Perrotin Seoul is pleased to present new works by Aya Takano this fall. Comprising sixteen drawings and ten works on canvas, Let’s make the universe a better place explores new themes and approaches in her practice.

Takano has been creating figures akin to anime characters to compose science-fictional or mythologically peculiar scenes from her imaginary world. The artist, standing amidst shifts in Japanese contemporary painting—which is deeply affected by anime both in mainstream culture and subculture— has shown a tendency to take inspiration and subject matter from classical literature, mythology, and legends. However, our perception of Takano’s work must not be restricted to an emphasis on flatness and the incorporation of manga as defined by the sensational exhibition Superflat (Parco Gallery, Tokyo and Nagoya, 2000). Instead, we may turn our focus to Takano’s utilization of artistic language from the Edo period to construct a futuristic world of her own. Rather than simply returning from abstraction to figuration, since the mid- 2000s, Japanese art has evoked motifs from traditional art using illustrative techniques. In Takano’s work in particular, traces of distinct compositions from eighteenth-century Japanese ukiyo-e paintings are evident, as are flat, deformed animals redolent of the paintings of Ito Jakuchu.

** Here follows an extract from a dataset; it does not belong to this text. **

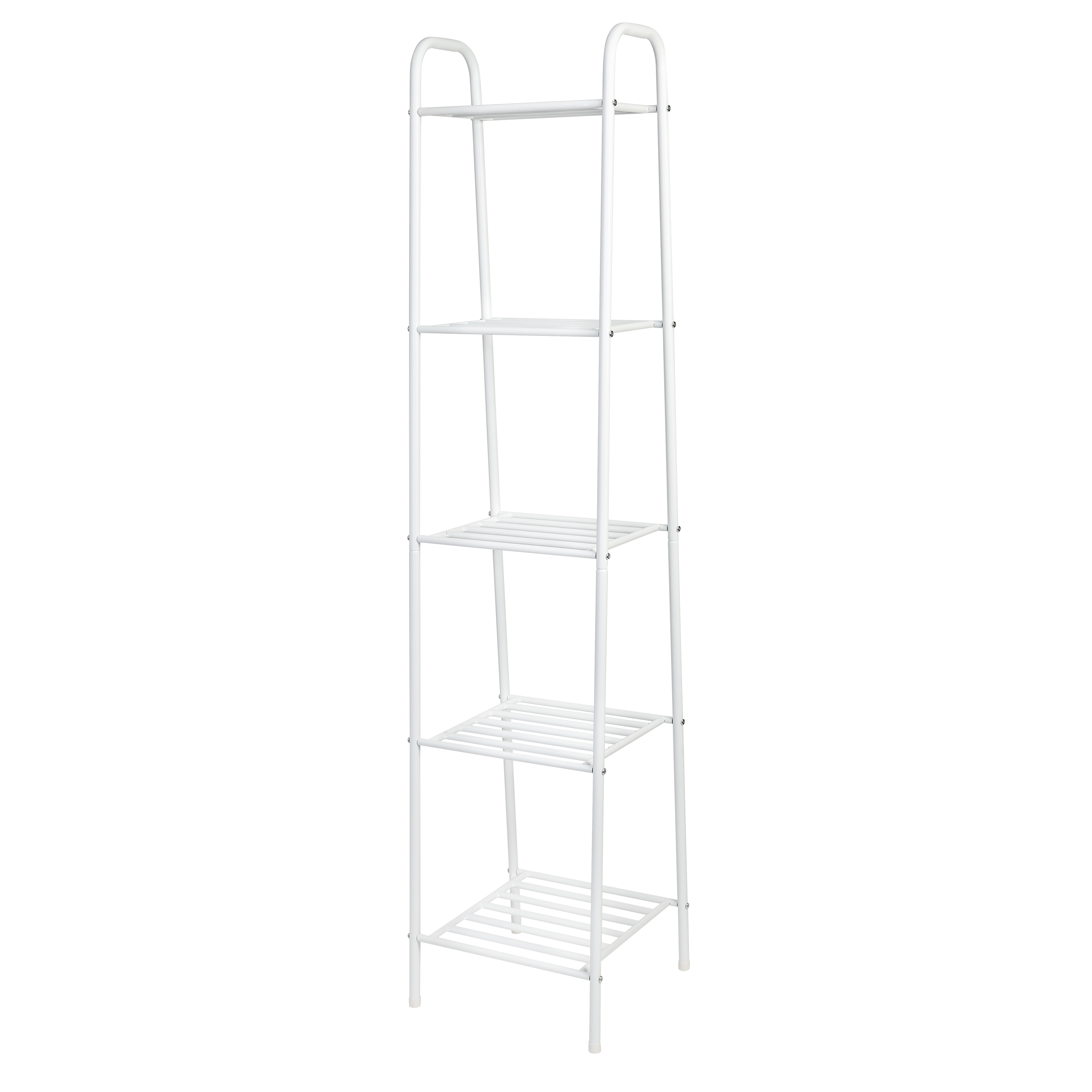 Honey Can Do 5-Tier Steel Shelf, White Matte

The works in Let’s make the universe a better place focus on the underlying possibilities of constructing an identity developed in girls’ schools. Rather than fatigue and helplessness, the works reveal Takano’s perspective on minor mythologies and the utopian world of personal happiness, identity, and independence. Instead of focusing on the hardships of womanhood, such as alienation from society, Takano’s work expresses the small yet important personal experiences making up one’s identity and one’s idea of self. Presented in Takano’s unique style, the girls in her work exhibit an androgynous facet that prevails at the age of learning, which would later define femininity or gender roles. Instead of being confined by regulations as their personal and societal relationships break apart, the characters are actualized within fragments of a narrative of joyful, innocent encounters of friendship, desire, deviation, and equality. This new series of work is a departure from the artist’s interest in mythological and geographical points of view, turning instead to emotional and interpersonal relationships. It is a compilation of narratives amidst pathways leading to the present, past, and future in Takano’s oeuvre. In this exhibition, Takano’s paintings create a single universe where human beings and nature, the self and the other, coexist. Her continuous effort to connect internality with externality and vice versa goes beyond the defined identities of gender, forging a path toward a futuristic world where humanity as a whole are equal.